The protests began spontaneously in the northern industrial town of Tuzla on Feb. 5, when impoverished workers gathered in front of the regional government building. They demanded their unpaid salaries and pensions after the sudden collapses of four formerly state-run companies that employed thousands of people. The companies were privatized, but the new owners sold the assets, laid off the staff and filed for bankruptcy.
The workers were joined by students and political activists, and demonstrations quickly turned violent when protesters stoned and torched the seat of the local authority and clashed with police. Fury then rapidly spread to the capital, Sarajevo, and other large urban areas, drawing in workers, students and war veterans with a wide range of grievances.

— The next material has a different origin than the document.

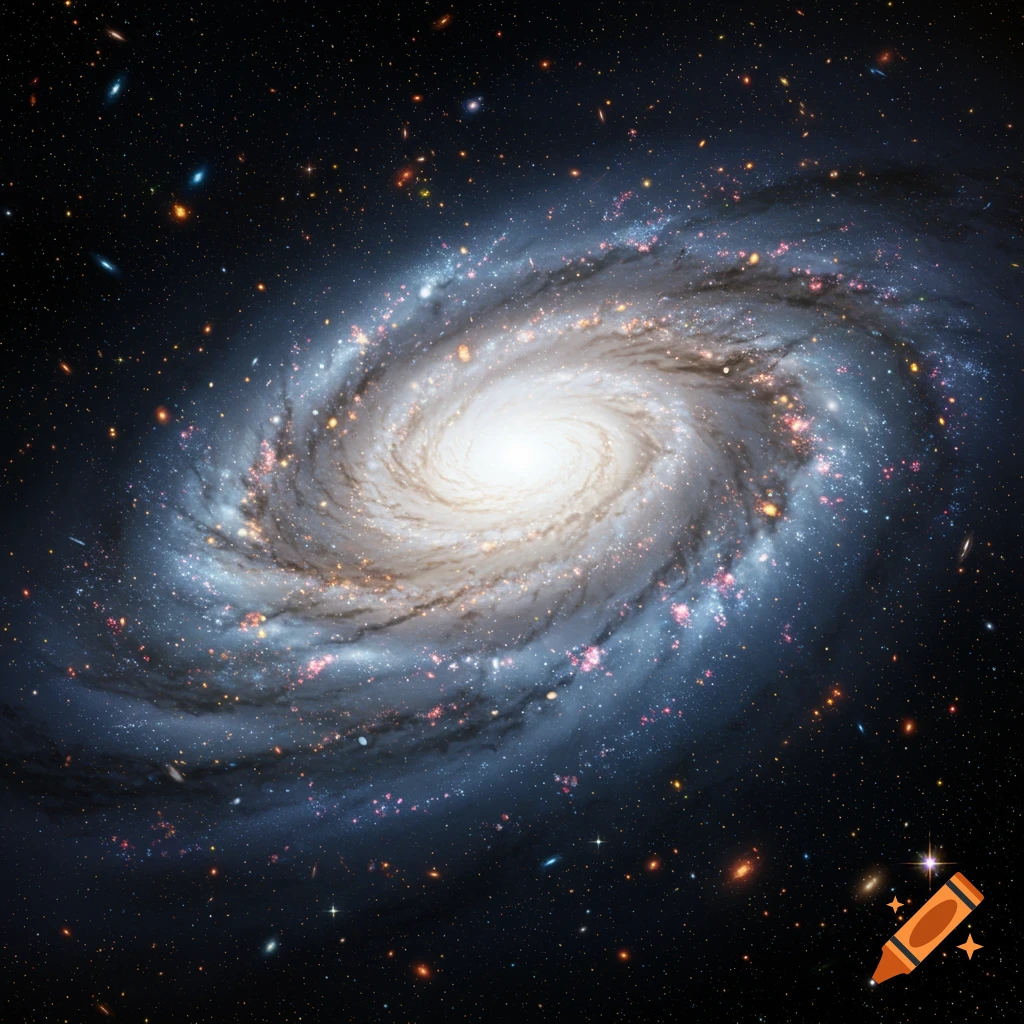 A vibrant spiral galaxy with a bright white core and swirling arms of blue and orange stars, set against a dark, star-filled cosmic background.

In Sarajevo, protesters also set fire to the presidency building and hurled rocks and stones at police.
There has been a variety of responses from authorities. In Sarajevo, Tuzla and Zenica, senior officials have resigned. In other places, like Mostar, there has been a firm clampdown on protesters.
The demonstrations are the result of long-held discontent with the sluggish economy, mismanagement, corruption and unemployment – which stands at almost 30 percent. The Bosnian population is expressing its dissatisfaction with an entire political class widely believed to be ruling in the interests of the elite, not the people, and with the country’s cumbersome, dysfunctional and disproportionally expensive government structure.

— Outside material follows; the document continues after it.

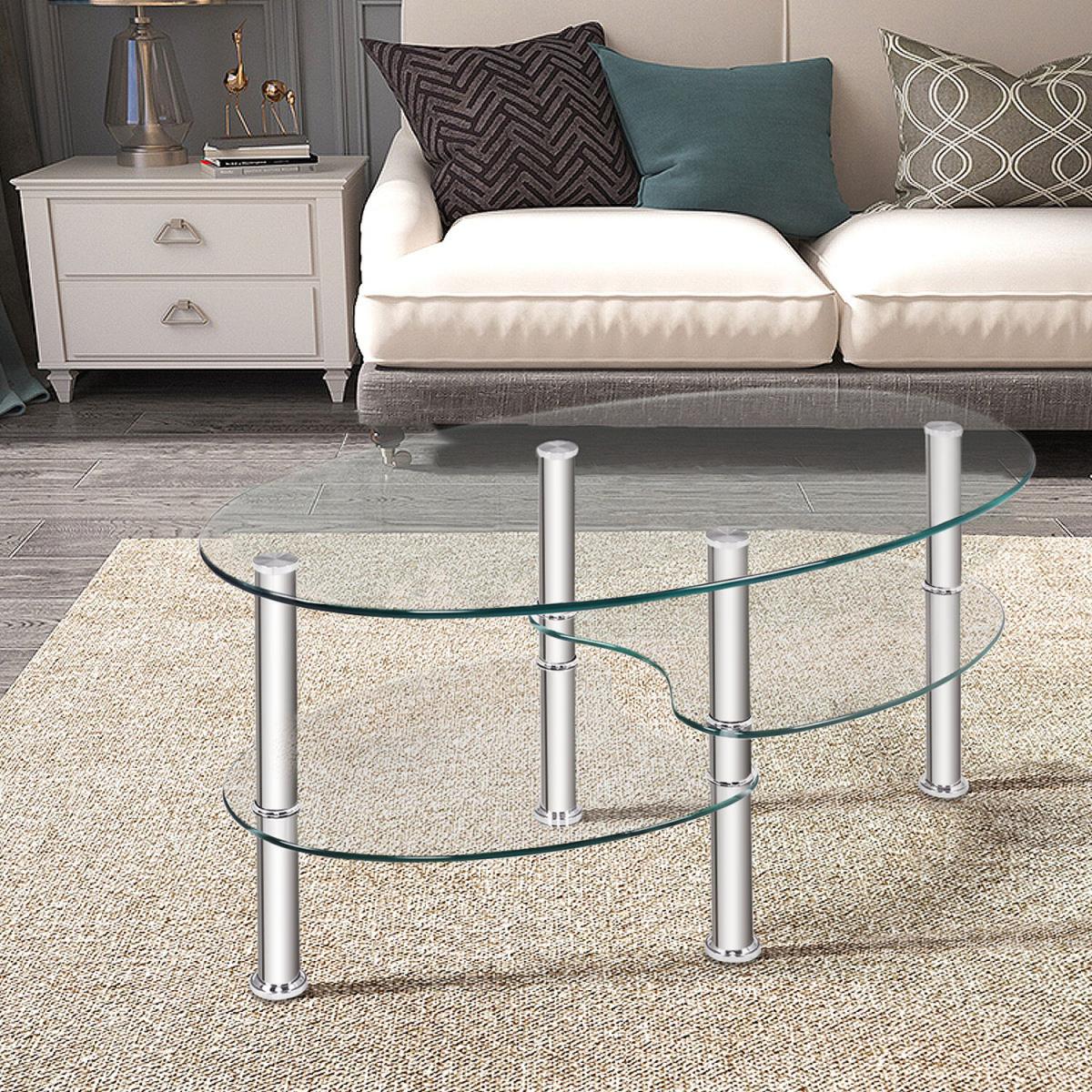 3-Tire Modern Oval Coffee Tea End Table Transparent - Transparent – image 3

“If the representatives in power in the local government are not capable of fulfilling the demands of their citizens, we believe that there is no reason for them to continue working in their position and in that case we ask for their unconditional resignations,” the citizens of Prijedor wrote in an open letter.
The unrest is unprecedented in Bosnia-Herzegovina, where the war years (1992-1995) were so traumatic that Serbs, Croats and Bosniaks – formerly known as Bosnian Muslims – have tolerated a situation in which politicians have prospered as standards of living have declined rather than risk a return to conflict.
Legacy of Dayton Agreement
The world was grateful when Richard Holbrooke and Carl Bildt gathered Serbs, Croats and Bosniaks together at an American air force base in Dayton, Ohio, in 1995, chivvying them into a deal that ended years of blood bath. But the truth is that the Dayton Agreement contained the seeds of future problems.
The problem with the Dayton Agreement was that, in order to get the participation of the three warring parties, Holbrooke and Bildt essentially endorsed the ethnic partition of the country and created an unwieldy federal structure and a weak, ethnically-based central government.
The agreement divided the country into two entities, each with its own president, government, parliament and police: the Serbian-dominated Republika Srpska – or Serb Republic; and the Bosniak-Croat Federation, comprised of 10 federal cantons, each with its own cabinet. On top sat a weak Bosnian national government supposed to coordinate all the layers below it, with a system that involved a rotating presidency between Bosnia’s Serb, Croat and Bosniak communities.
The result was that the ethno-nationalist elites who were primarily responsible for the war, were rewarded by ethnic partition, and the mess of overlapping and competing administrations became a hunting ground for ethnically-based politicians. Bosnia-Herzegovina has been in a state of paralysis ever since, and Bosnians realize that the cumbersome political structure is, to a large extent, responsible for this.
“I don’t want ministers. I don’t want cantons. I don’t want 15 governments. Ministers are morons,” a banner at the Sarajevo demonstrators stated. “There is far too much government, but no salaries, no jobs and no health insurance,” another sign declared.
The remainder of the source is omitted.